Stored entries
◇ ◇ ◇ ◇ ◇

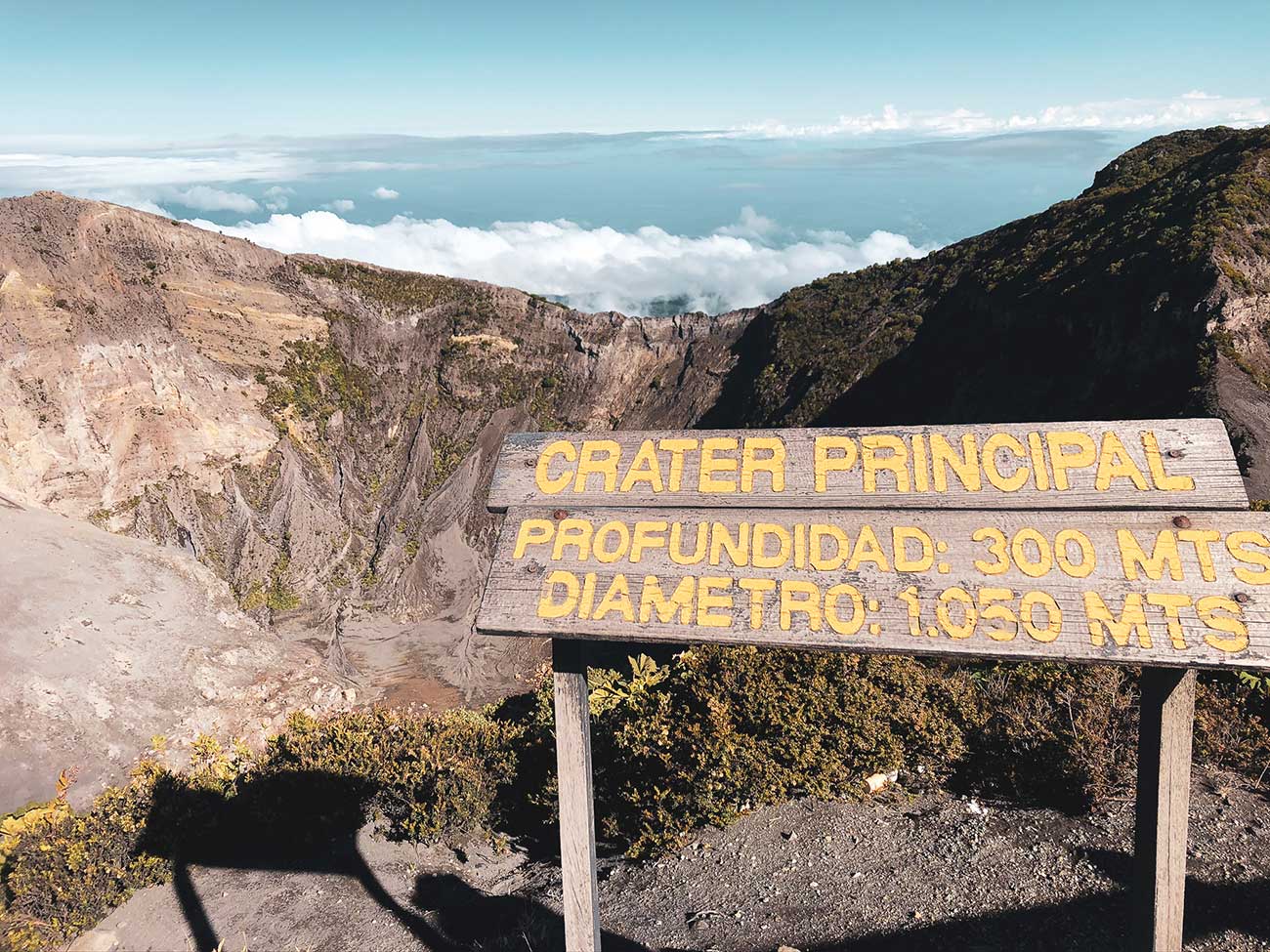 Blick auf eine Vulkanlandschaft in Costa Rica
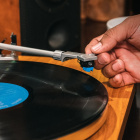 Audio Technica AT-LPW30TK skivspelare med RIIA & AT-VM95C-pickup, teak Audio Technica AT-LPW30TK skivspelare med RIIA & AT-VM95C-pickup, teak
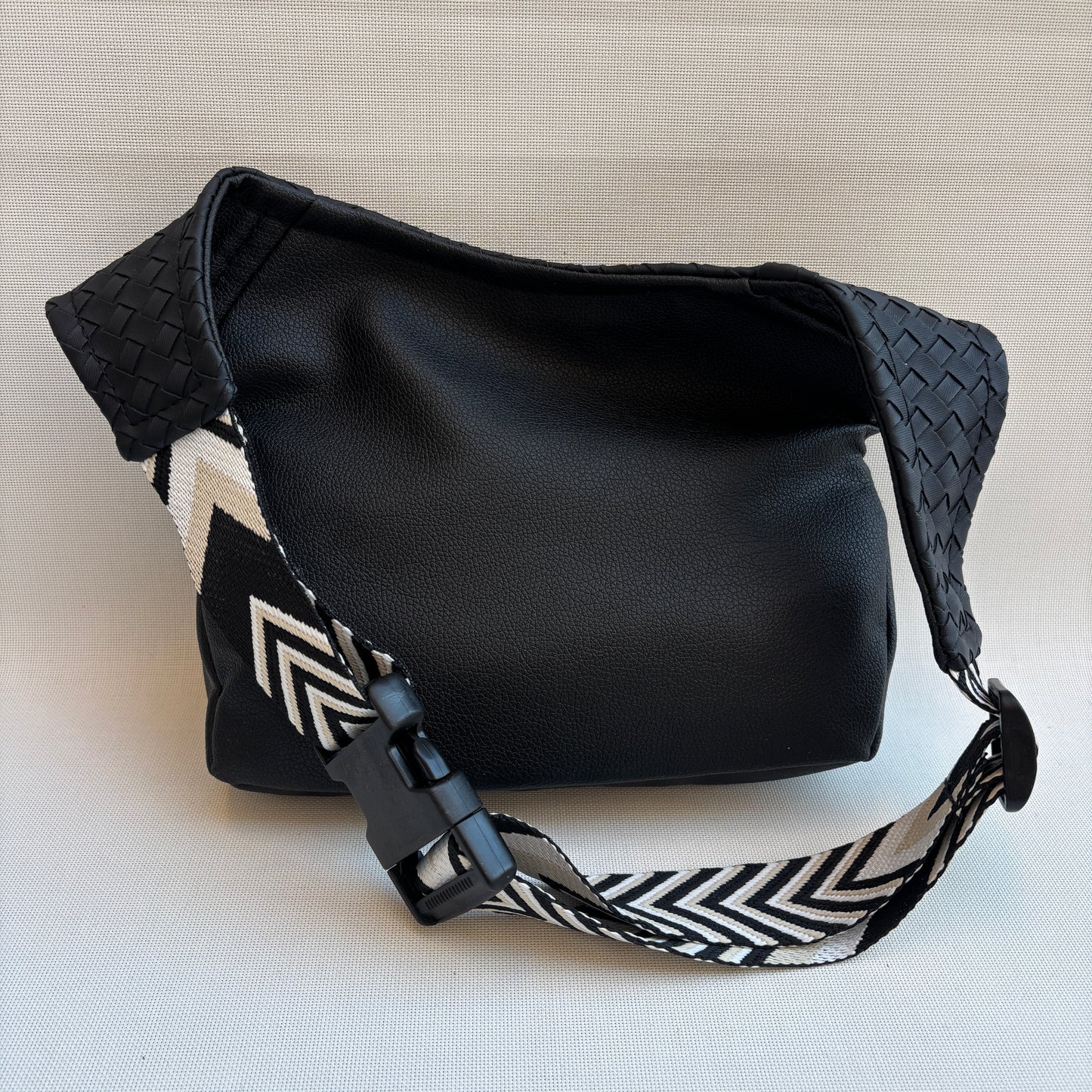 Riñonera "Special Elegant Black Top" · Polipiel · Pieza Única Núm. 18265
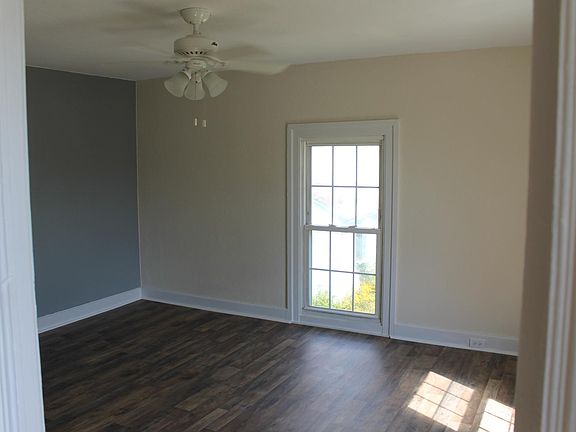 2nd image of 9623 Allen St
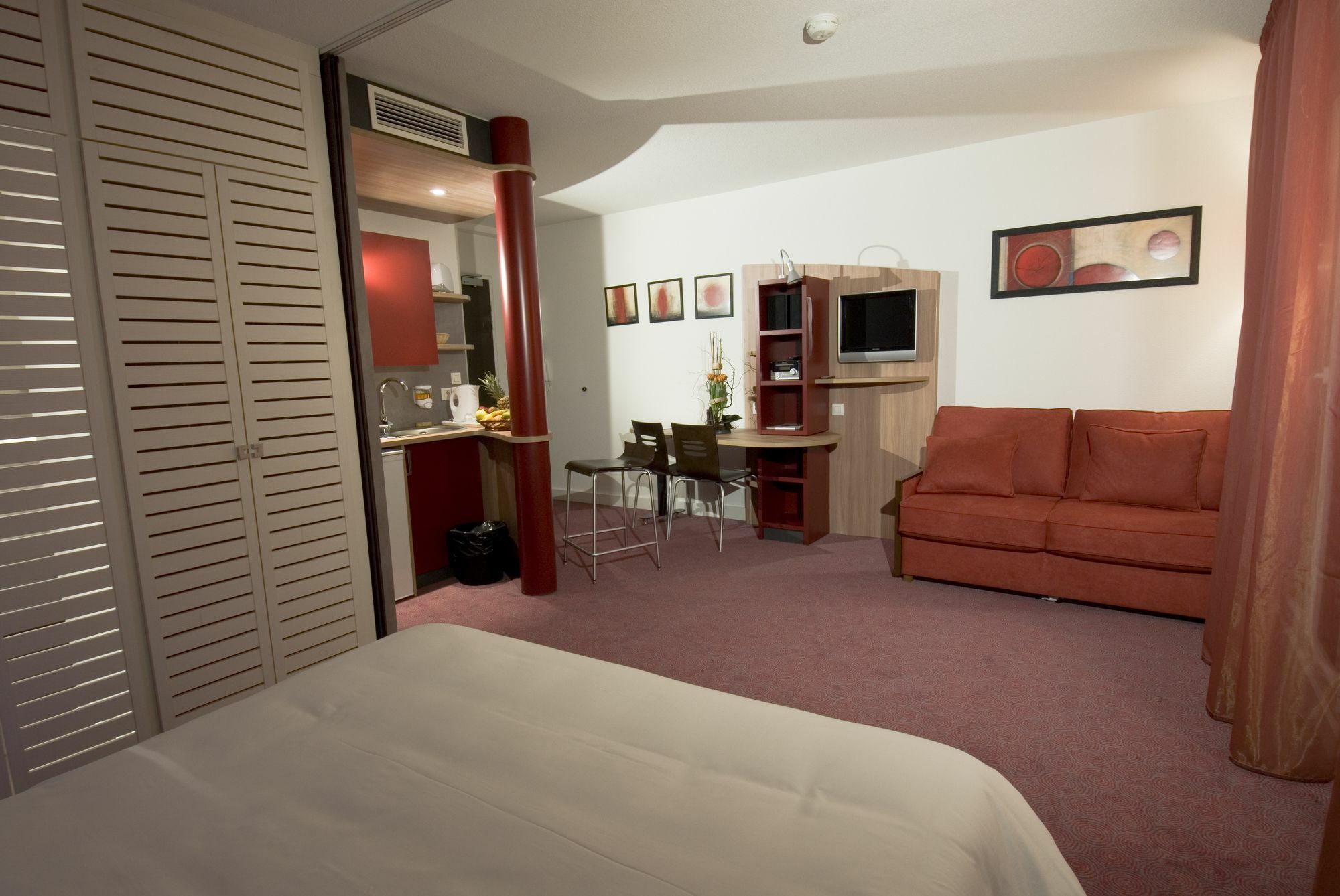 Suite-Home Orleans-Saran Eksteriør bilde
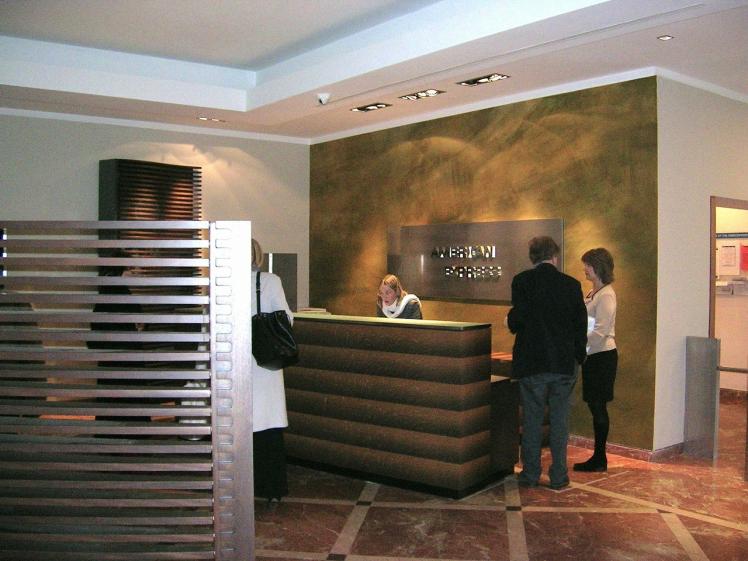 american_express_reception.jpg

◇ ◇ ◇ ◇ ◇

Exact copies of the lines from the one containing "2nd image of 9623 Allen St" through the end of the records above are required, with no pictures among them.

• **ANSWER BOX**
 2nd image of 9623 Allen St
 Suite-Home Orleans-Saran Eksteriør bilde
 american_express_reception.jpg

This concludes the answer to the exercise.